### Exercise data
---*---

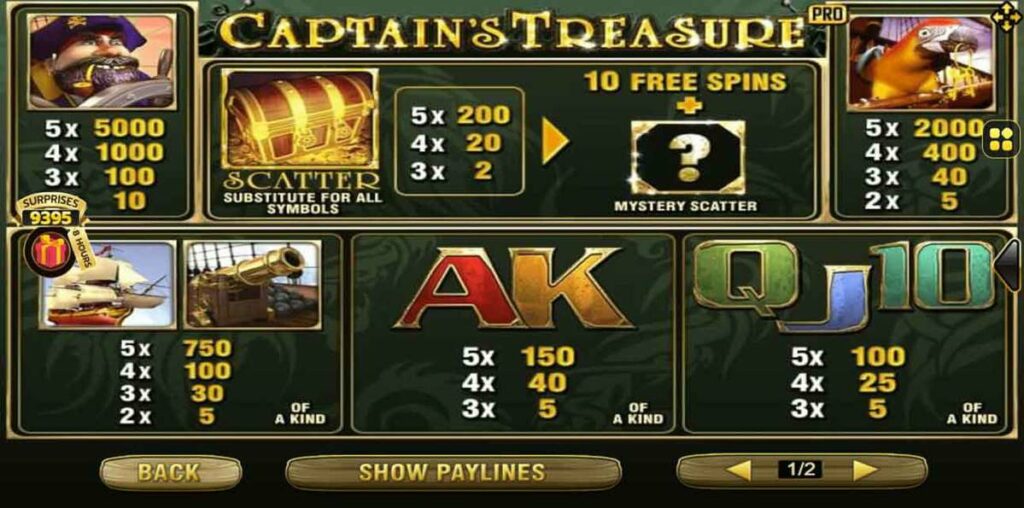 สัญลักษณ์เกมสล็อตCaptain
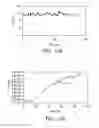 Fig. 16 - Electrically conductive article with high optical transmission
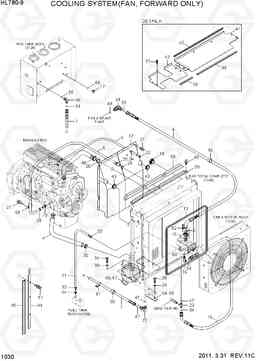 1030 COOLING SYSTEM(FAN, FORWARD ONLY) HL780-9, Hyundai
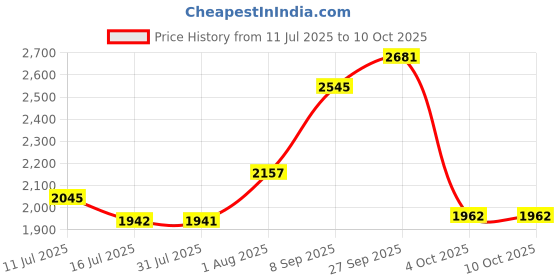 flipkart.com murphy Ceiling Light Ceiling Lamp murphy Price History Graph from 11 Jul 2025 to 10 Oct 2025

---*---

Retype the data above verbatim, minus images.

### Task solution
 สัญลักษณ์เกมสล็อตCaptain
 Fig. 16 - Electrically conductive article with high optical transmission
 1030 COOLING SYSTEM(FAN, FORWARD ONLY) HL780-9, Hyundai
 flipkart.com murphy Ceiling Light Ceiling Lamp murphy Price History Graph from 11 Jul 2025 to 10 Oct 2025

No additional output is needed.